While she acknowledged that the deal was far from perfect, Merkel argued that its framework was the best way to address international concern about Iran’s role in the Middle East and its ballistic missile programme.

Merkel’s address this morning was preceded by a speech from the largest opposition party, the far-right populist Alternative for Germany (AfD).

The AfD joint parliamentary leader Alice Weidel used her time on the podium to lay into Angela Merkel and her party, accusing them of: hiding €30 billion euros that Germany pays annually to the EU; passing over the possibility of tax cuts for lower- and middle-class Germans; and allowing Germany to become a country of “unlimited immigration for unqualified workers”.

Weidel said:

Burqas, girl in headscarves, knife-wielding men on government benefits and other good-for-nothing people are not going to ensure our prosperity, our economic growth and our social welfare system…This country is being governed by idiots.

Weidel’s insulting language caused its intended ruckus in the Bundestag, with Weidel being called to order for discrimination. For the most part, however, Merkel did not rise. At one point only did she touch on the issue of migration, defending the government’s move towards centralised facilities for accommodating and housing asylum seekers. Germany hopes policy changes to the process of evaluating migrants will speed up decisions, although some critics worry that the scheme might put vulnerable and traumatised people at an increased risk.

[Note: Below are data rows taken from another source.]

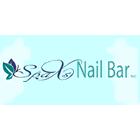 Spaxs Nail Bar, Windsor, ON opening hours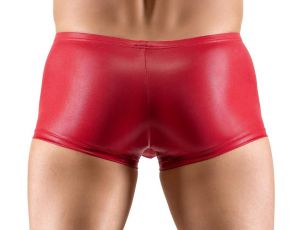 Men's Pants 2XL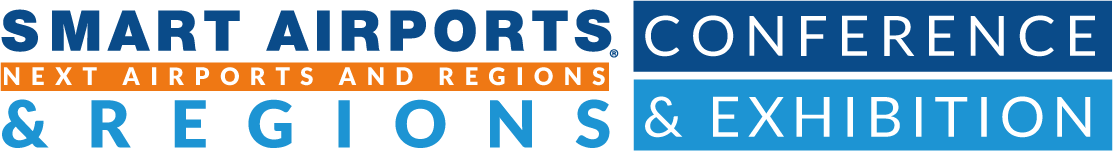 smart-airports-regions-conference-logo.png
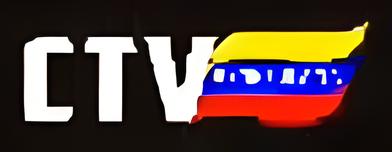 CTV.jpg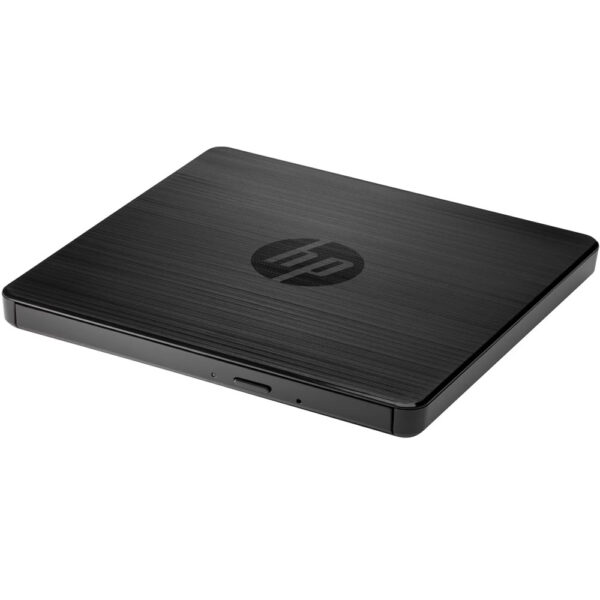 Lecteur / Graveur DVD - HP GP70N – Image 2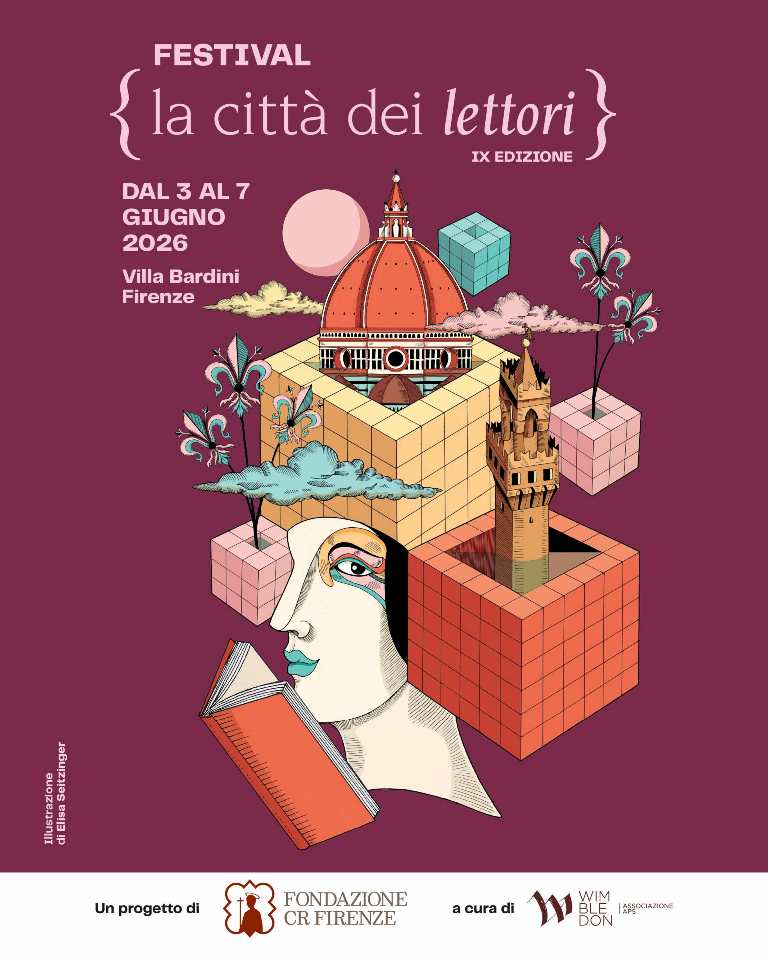 2026.03.19_LCDL26_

Other issues touched on by Merkel in the Bundestag today include:

  • The fact that the proposed new German budget is still “black zero”, meaning that it doesn’t include any new state borrowing.
  • That the budget foresees Germany conforming to EU guidelines and reducing its level of indebtedness to less than 60%.
  • Her support for Scholz’s proposal that the euro-zone bailout fund could become a common backstop so long as risks in national banks’ balance sheets were reduced.
  • That Germany’s scandal-hit car industry should not be punished so harshly that it cannot invest in future technologies, but that it is the industry responsibility to regain the trust it has lost.
  • And that Europe should support the development and production of battery technologies in order to compete with Asia and North America, especially over cars.